Implementation:Apache Flink SplitFetcherManager
| Knowledge Sources | |
|---|---|
| Domains | Connectors, Source_Framework |
| Last Updated | 2026-02-09 00:00 GMT |
Overview
Abstract base class that manages the lifecycle of SplitFetcher threads, providing the threading infrastructure for the source reader's I/O layer.
Description
SplitFetcherManager is a central infrastructure class that decouples the source reader's main thread from I/O operations. It creates and manages SplitFetcher instances, each running in its own thread, and provides a shared FutureCompletingBlockingQueue for data hand-off between fetcher threads and the SourceReaderBase main thread.
The class creates SplitFetcher instances via the synchronized createSplitFetcher() method, which uses the provided splitReaderFactory supplier to instantiate a SplitReader for each new fetcher. Fetchers are tracked in a ConcurrentHashMap keyed by auto-incrementing integer IDs, and submitted to a cached ExecutorService thread pool whose threads are named with the prefix "Source Data Fetcher for " followed by the task thread name.
Key features include:
- Extensible threading model: Subclasses implement addSplits() and removeSplits() to define how splits are distributed across fetchers. This allows different strategies such as single-thread (all splits in one fetcher), per-split (one fetcher per split), or custom grouping.

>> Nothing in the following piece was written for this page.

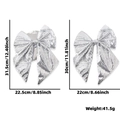 Fiocchi decorativi natalizi scintillanti con dimensioni e peso in paillettes d'argento - Argento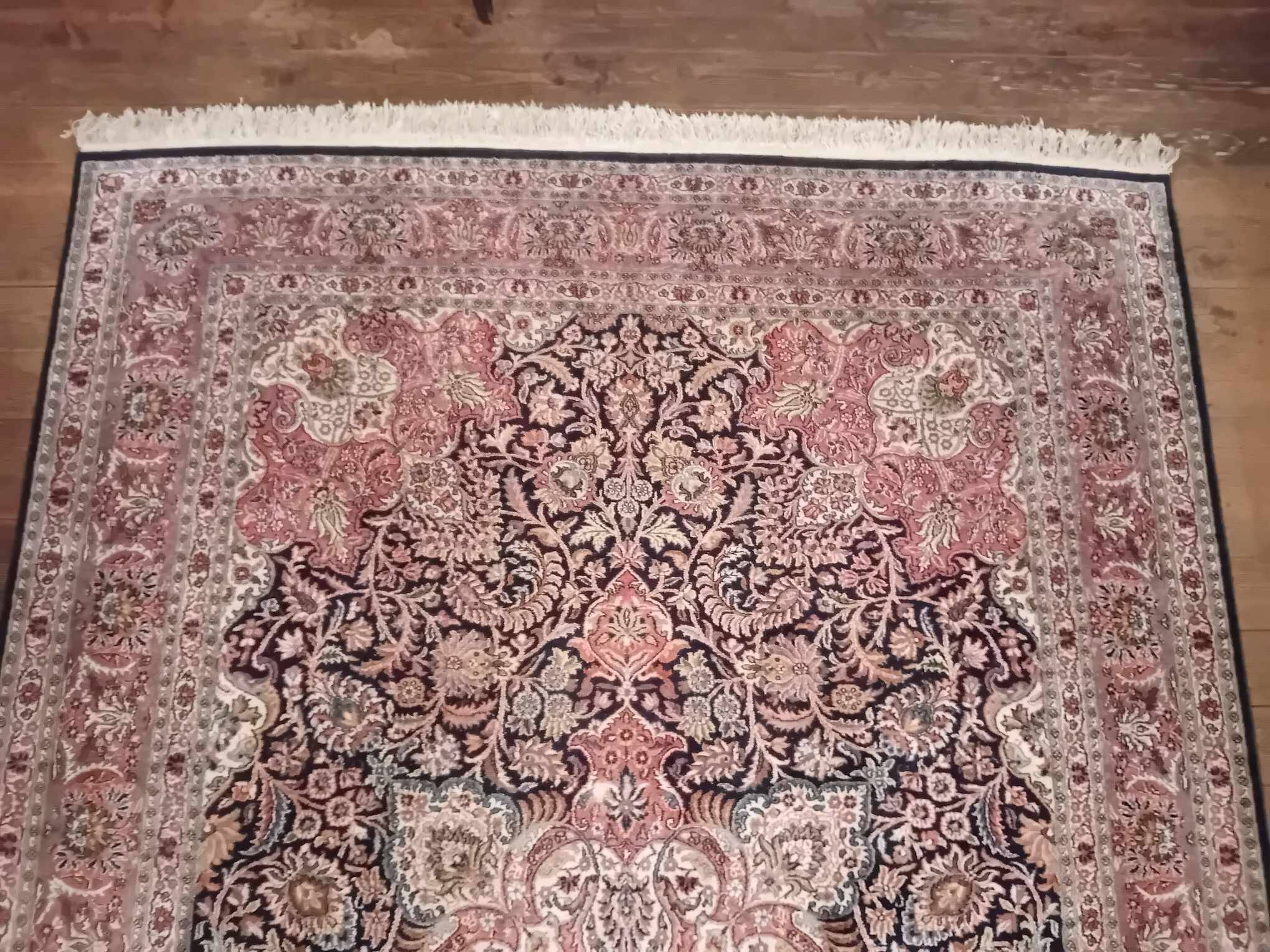 Handmade silk cashmere rug 282×186cm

- Error propagation: Uncaught exceptions from fetcher threads are captured in an AtomicReference<Throwable> and surfaced to the main reader thread via checkErrors(), which throws a RuntimeException wrapping the original cause.
- Idle fetcher shutdown: maybeShutdownFinishedFetchers() iterates over active fetchers and shuts down any that are idle (no assigned splits, no queued tasks, no running task), ensuring resources are freed when work completes.
- Graceful close: The close(long timeoutMs) method shuts down all fetchers, actively drains the elements queue to unblock any fetcher threads that may be blocked on put(), shuts down the executor, and waits up to the configured timeout for termination.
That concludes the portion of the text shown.